Owners.com, a tech-forward real estate brokerage, pulled images Friday featuring the likeness of HGTV-star and celebrity home renovator Scott McGillivray from Zillow after it was determined that ads spotlighting the Income Property star, who does not have a real estate license, were incorrect and potentially violated real estate advertising laws that prohibit misleading ads.
On Thursday, a search of “Owners.com” on Zillow’s “Find an Agent” online agent search platform revealed multiple unlicensed real estate professionals listed among an “Owners.com Team,” accompanied by photos of McGillivray and Owners.com executive Dan Maloney, who as Head of Sales, is not licensed as a real estate agent. Inman called several of the numbers listed among the team members and found them to be non-working.
“[McGillivray] was previously a brand advocate for Owners.com,” said Owners.com spokesperson Lisen Syp, who said the company removed the images on Friday. “The previous use of his image was a representation of the Owners.com brand and not as an individual licensed agent.”
Sheryl Hawkes, a marketing and business development executive at the McGillivray Group — the company that manages McGillivray’s brand — told Inman on Friday that the HGTV star planned to inquire if his likeness was still being used by Owners.com for other advertising purposes. Hawkes failed to respond to follow-up inquiries from Inman on Tuesday and Wednesday.
McGillivray was the star of the HGTV show Income Property from 2008 to 2016. Earlier this year, he launched Buyers Bootcamp on HGTV in Canada, where he serves as executive producer. The Canadian real estate investor and contractor also briefly starred in Moving the McGillvrays on HGTV in 2016 and has appeared in several other HGTV series.

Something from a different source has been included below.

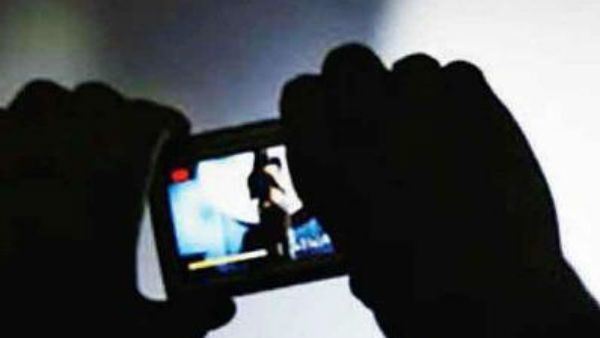 पैसे नहीं मिलने पर मोबाइल की चोरी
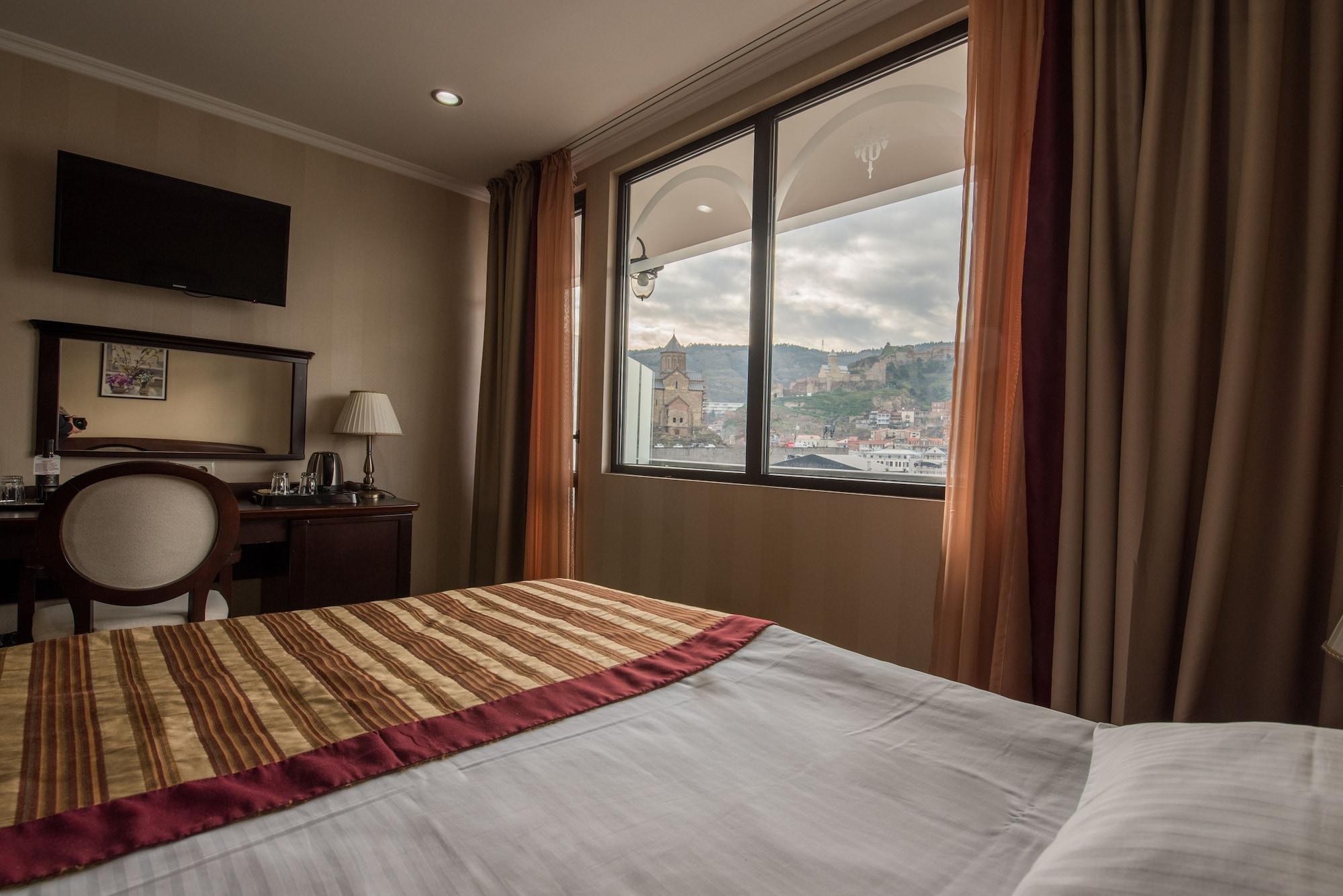Hotel Rikhe Monika Tbilisi Bagian luar foto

“It is important to Scott that his brand is reflected accurately,” Hawkes said.
In Florida, one of the states where the misleading picture was being used to advertise services, “No real estate advertisement placed or caused to be placed by a licensee shall be fraudulent, false, deceptive or misleading,” according to the Florida Real Estate Commission, a division of the Department of Business and Professional Regulation. On Wednesday, Inman independently confirmed through the agency that neither Maloney nor McGillivray are licensed agents in the state.
“[McGillivray] doesn’t have a United States real estate license, so why the hell is he on Zillow advertising real estate services?” said Michael Lissack, a former contractor with Owners.com who resigned from the company earlier this year following a dispute over the company’s business model. “The other guy is [Maloney] who has no real estate licenses whatsoever.”
“Every state says that holding yourself out to the public as providing real estate services requires a license,” Lissack added. “I don’t know how you can argue that putting yourself on a picture advertisement is not holding yourself out to the public.”
In most cases, the advertisements were for an unspecified Owners.com team, but in one instance, an ad for a team led by former employee and licensed real estate agent Fredrik Eriksson — who left the company months ago — also used a picture of McGillivray. Another potential problem: the advertisement was still using Eriksson’s name to advertise Owners.com services.
The advertisement in question is no longer active and would not appear on any page and could only be found by searching the agent database, a spokesperson for Zillow told Inman. The advertisement now appears as “Owners.com Florida Team.”
“With regard to your inquiry about advertising an agent who no longer works for Owners.com, we believe this may refer to a brief period of time between that agent’s disassociation with the brokerage and the time when his image was removed from an Owners.com page on Zillow,” Owners.com spokesperson Syp said. “He has since been removed from that page.”
Zillow confirmed to Inman that Owners.com had oversight over the advertisements and had made the changes itself. Zillow did not scrub the advertisements and Owners.com told Inman that the advertisements did not violate any advertising regulations.
“We believe our advertisements on Zillow are compliant with applicable law,” Syp said.